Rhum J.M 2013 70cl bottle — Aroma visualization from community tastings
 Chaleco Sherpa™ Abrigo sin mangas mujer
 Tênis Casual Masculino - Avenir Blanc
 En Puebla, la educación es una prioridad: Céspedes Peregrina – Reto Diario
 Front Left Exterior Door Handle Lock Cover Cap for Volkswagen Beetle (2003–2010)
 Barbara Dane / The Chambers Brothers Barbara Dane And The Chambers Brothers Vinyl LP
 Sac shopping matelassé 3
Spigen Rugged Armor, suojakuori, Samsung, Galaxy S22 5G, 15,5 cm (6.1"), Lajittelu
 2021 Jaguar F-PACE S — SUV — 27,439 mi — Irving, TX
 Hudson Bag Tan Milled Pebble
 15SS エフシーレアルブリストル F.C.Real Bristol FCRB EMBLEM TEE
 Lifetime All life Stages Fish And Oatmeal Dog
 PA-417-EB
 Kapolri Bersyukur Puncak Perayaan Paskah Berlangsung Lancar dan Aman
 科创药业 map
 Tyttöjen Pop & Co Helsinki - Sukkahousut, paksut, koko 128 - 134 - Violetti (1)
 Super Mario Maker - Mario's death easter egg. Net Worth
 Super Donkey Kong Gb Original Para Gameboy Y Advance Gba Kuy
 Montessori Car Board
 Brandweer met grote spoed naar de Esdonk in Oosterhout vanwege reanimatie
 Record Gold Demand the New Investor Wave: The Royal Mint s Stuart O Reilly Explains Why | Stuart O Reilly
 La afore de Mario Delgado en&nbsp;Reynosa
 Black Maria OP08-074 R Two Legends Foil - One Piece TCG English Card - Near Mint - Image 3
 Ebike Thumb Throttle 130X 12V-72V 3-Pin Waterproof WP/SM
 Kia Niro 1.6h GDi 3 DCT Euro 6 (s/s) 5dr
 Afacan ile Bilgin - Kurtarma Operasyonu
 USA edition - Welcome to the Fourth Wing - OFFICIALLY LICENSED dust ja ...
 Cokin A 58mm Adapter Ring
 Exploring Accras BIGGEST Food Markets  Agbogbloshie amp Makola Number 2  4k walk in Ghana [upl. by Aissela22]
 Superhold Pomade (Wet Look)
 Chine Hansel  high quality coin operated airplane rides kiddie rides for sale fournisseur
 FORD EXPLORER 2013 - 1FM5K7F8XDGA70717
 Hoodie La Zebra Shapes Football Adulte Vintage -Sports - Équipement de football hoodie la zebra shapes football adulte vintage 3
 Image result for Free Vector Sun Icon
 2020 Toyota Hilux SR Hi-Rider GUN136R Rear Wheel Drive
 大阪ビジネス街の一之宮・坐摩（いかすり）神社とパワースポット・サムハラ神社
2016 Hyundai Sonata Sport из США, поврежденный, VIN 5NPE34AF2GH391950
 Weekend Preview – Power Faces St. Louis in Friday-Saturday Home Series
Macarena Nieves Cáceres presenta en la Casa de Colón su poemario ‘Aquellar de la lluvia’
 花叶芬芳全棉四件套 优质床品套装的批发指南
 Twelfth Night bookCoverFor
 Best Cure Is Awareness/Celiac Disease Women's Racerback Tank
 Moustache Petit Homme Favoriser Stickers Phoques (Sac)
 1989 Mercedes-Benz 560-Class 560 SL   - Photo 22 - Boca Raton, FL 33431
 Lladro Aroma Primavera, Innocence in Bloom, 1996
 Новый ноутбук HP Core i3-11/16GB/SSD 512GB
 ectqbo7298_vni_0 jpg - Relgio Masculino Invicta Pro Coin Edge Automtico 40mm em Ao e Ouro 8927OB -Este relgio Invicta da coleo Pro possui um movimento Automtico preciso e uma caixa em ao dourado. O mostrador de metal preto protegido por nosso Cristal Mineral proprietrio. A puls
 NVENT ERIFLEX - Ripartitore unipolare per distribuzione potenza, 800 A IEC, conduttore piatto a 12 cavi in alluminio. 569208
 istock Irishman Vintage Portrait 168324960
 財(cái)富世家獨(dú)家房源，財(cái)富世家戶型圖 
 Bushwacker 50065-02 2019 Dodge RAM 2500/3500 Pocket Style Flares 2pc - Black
####
Your assignment: From the line holding "1989 Mercedes-Benz 560-Class" to the line holding "istock Irishman Vintage Portrait 168324960", inclusive, restate each line above exactly as written.

Your response:
 1989 Mercedes-Benz 560-Class 560 SL   - Photo 22 - Boca Raton, FL 33431
 Lladro Aroma Primavera, Innocence in Bloom, 1996
 Новый ноутбук HP Core i3-11/16GB/SSD 512GB
 ectqbo7298_vni_0 jpg - Relgio Masculino Invicta Pro Coin Edge Automtico 40mm em Ao e Ouro 8927OB -Este relgio Invicta da coleo Pro possui um movimento Automtico preciso e uma caixa em ao dourado. O mostrador de metal preto protegido por nosso Cristal Mineral proprietrio. A puls
 NVENT ERIFLEX - Ripartitore unipolare per distribuzione potenza, 800 A IEC, conduttore piatto a 12 cavi in alluminio. 569208
 istock Irishman Vintage Portrait 168324960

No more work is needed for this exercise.